On day one of climbing during NOLS‘s Mountain Training Trip 2010, three of us made an attempt on Sacagawea, a sub-peak of the Fremont Peak group in Titcomb basin. The day prior, it had rained, but during the night the weather turned *splitter* and brutally cold. We woke in our camp in Indian Basin at 2 am (too early) to begin our approach into Titcomb Basin.

The approach took two and a half hours by moonlight, and we arrived at the base around 4 am. It was too dark to see the route, and our four-sentence topo gave us little information, so we decided to sit and shiver at the base until there was more light. The three of us spooned in a little hole behind a small rock and shivered under a cold wind until around 6 am. Miserable, we decided that even though the weather looked iffy, we might as well approach the base and take the gear for a walk. “In alpine climbing, you can always take the gear for a walk and see what happens” -Evan Horn, NOLS Training Manager.

Sun Rising Over Sacagawea

The base seemed not too far away, but it was two and a half hours later that we had managed to negotiate the “endless gravel escalator” through three 3rd-4th class rock bands glazed here and there by startlingly dangerous verglass.

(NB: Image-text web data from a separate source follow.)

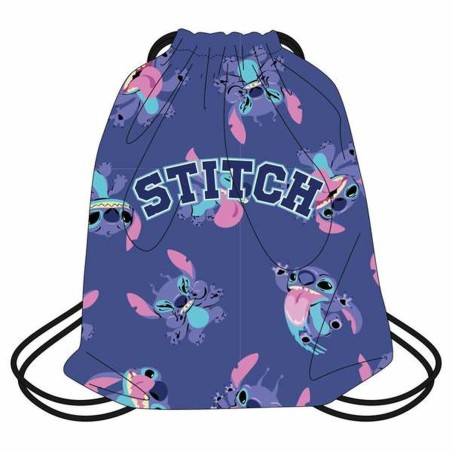 Zaino Scuola Stitch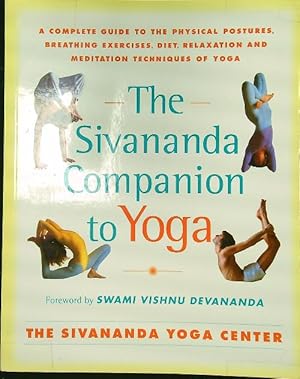 Imagen del vendedor de The Sivananda companion to Yoga a la venta por Librodifaccia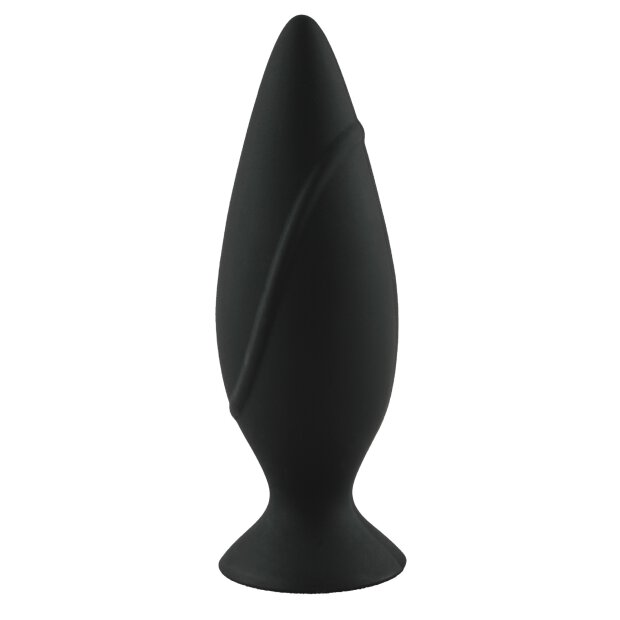 MALESATION Silicone Plug Large - 4,1 cm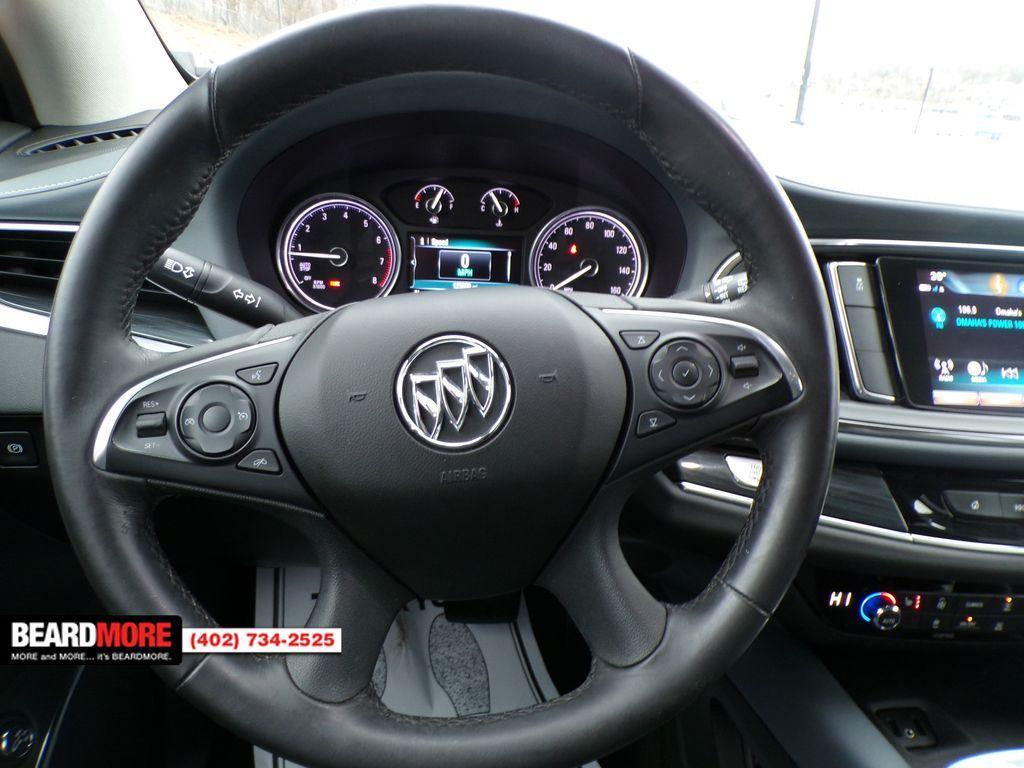 used 2018 Buick Enclave car, priced at $15,277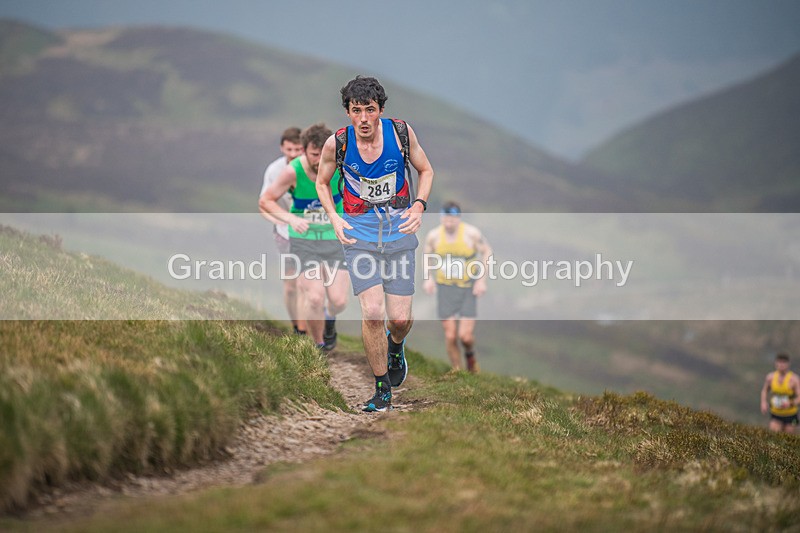 Lords Seat-118 - Lords Seat Fell Race Wednesday 1st May 2024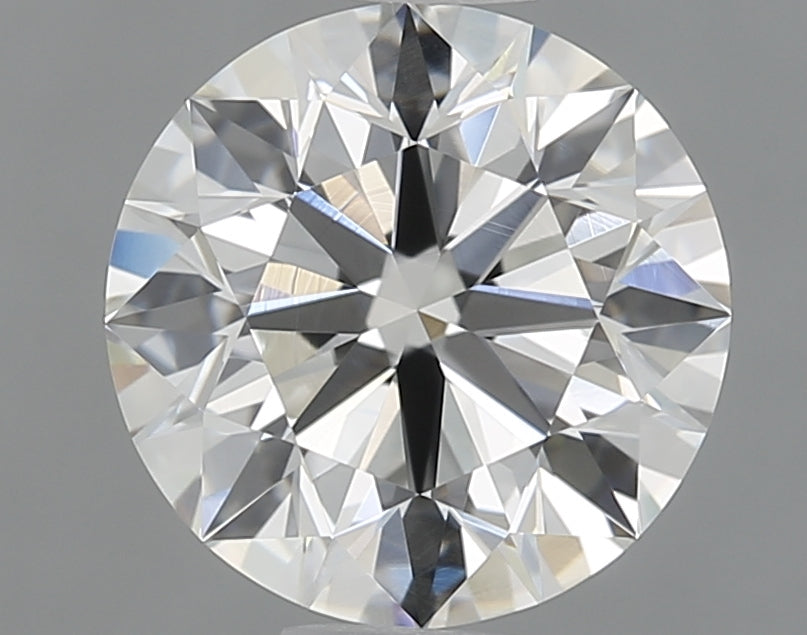 GIA 1.31 Carat Round Brilliant Natural Diamond 鑽石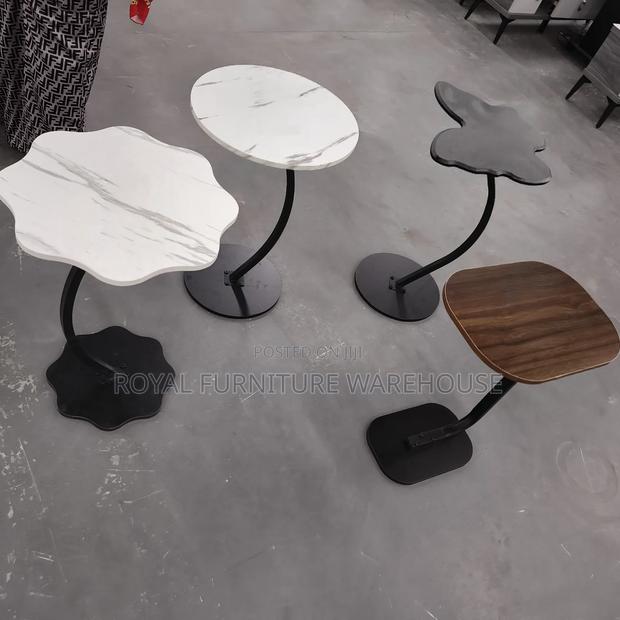 Organic-Shaped Side Tables · Photo 1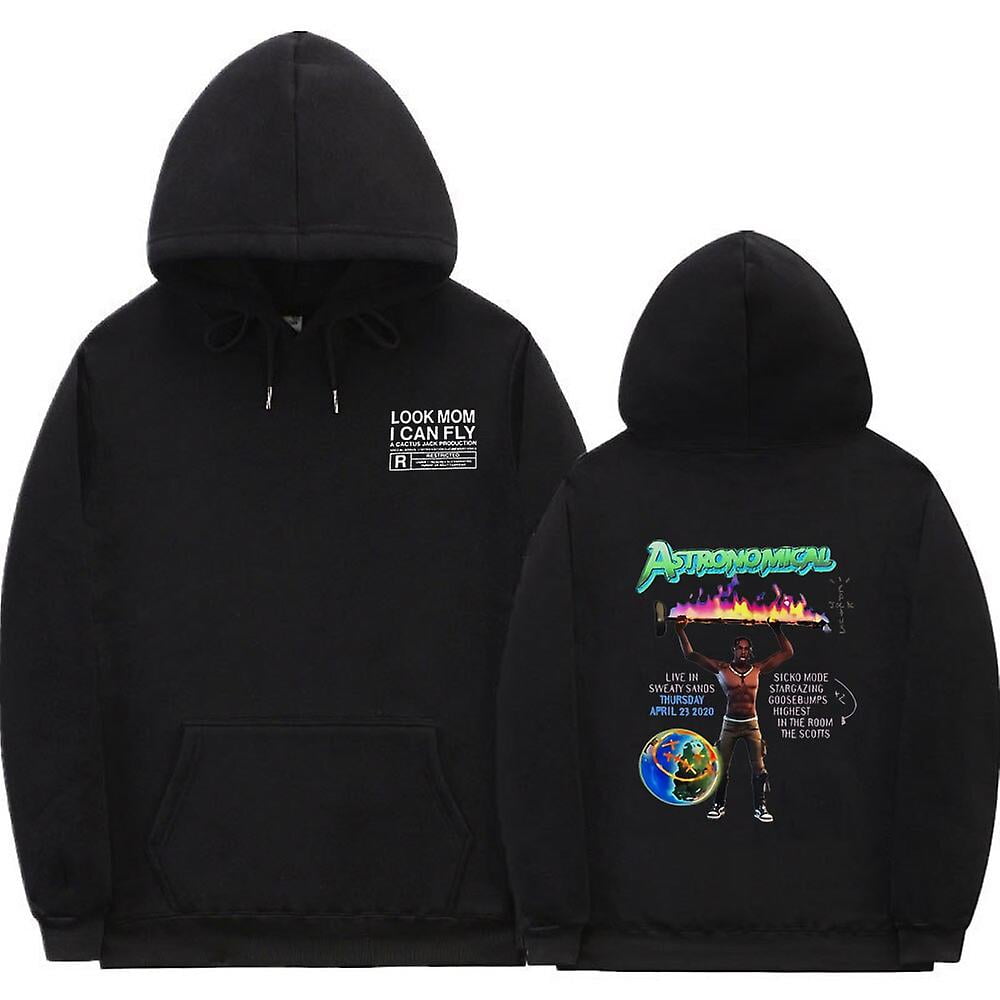Travis scott astronomical hoodie new arrivals
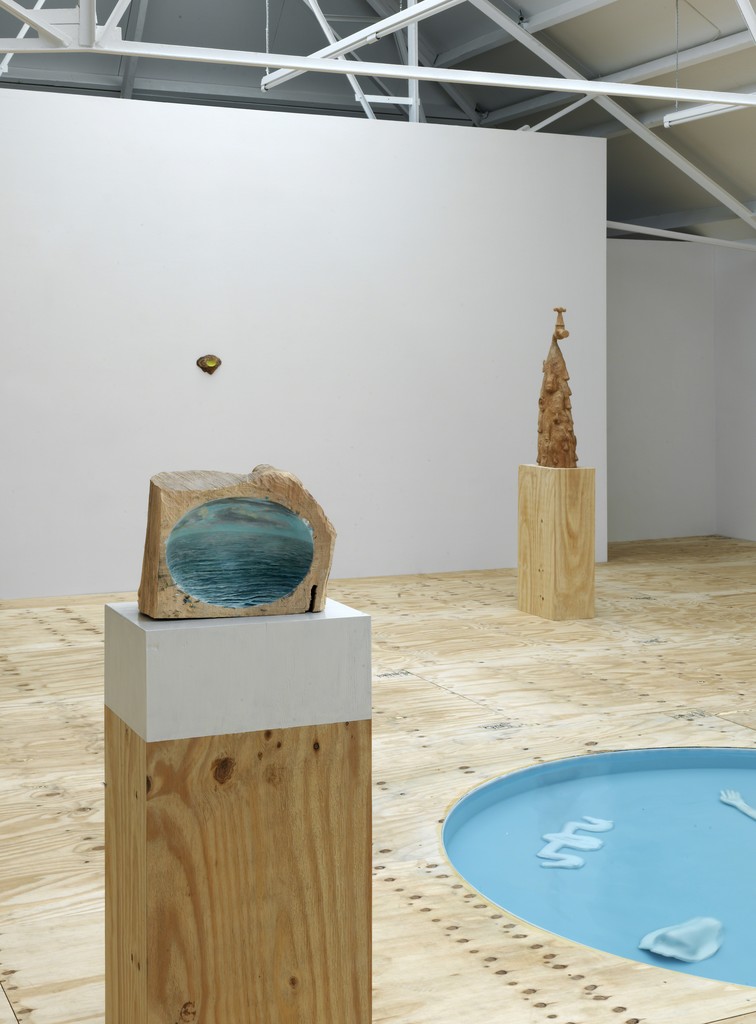 Femmy Otten, 'Days Undressed', exhibition overview, Galerie Fons Welters 2016.
Photo: Gert Jan van Rooij Femmy Otten, 'Days Undressed', exhibition overview, Galerie Fons Welters 2016.
Photo: Gert Jan van Rooij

When we finally reached the base of the climb, the weather had improved, but much to our dismay, we found that the previous day’s rain had glazed Sacagawea’s crack systems with smooth, impossible ice. Our single 7oz CAMP Corsa ice axe with its aluminum pick wasn’t going to cut it. Back down we go.

The descent took almost as long as the ascent, as the ice made some probable routes unexpectedly hazardous. By the time we reached our little shiver-bivy at the base, the knees were crying and the body tired of moving, though it was only 8:30 am. A nap followed.

It was a good warm-up to the alpine start, to the persistent optimism needed to get on some climbs, and to the need to stay comfortable on exposed and icy terrain.  Though it was not a successful climb in the traditional sense, taking the gear for a walk always seems to beat sitting in camp, even if it really throws off one’s body clock and sleep schedule.  It’s a funny feeling to have been up and moving about for eight hours when some in camp are just waking.  For you, a whole day has passed, and a second is ahead of you.  For them, the day’s consciousness is just beginning, and without the early-morning anxieties afforded by the alpine start.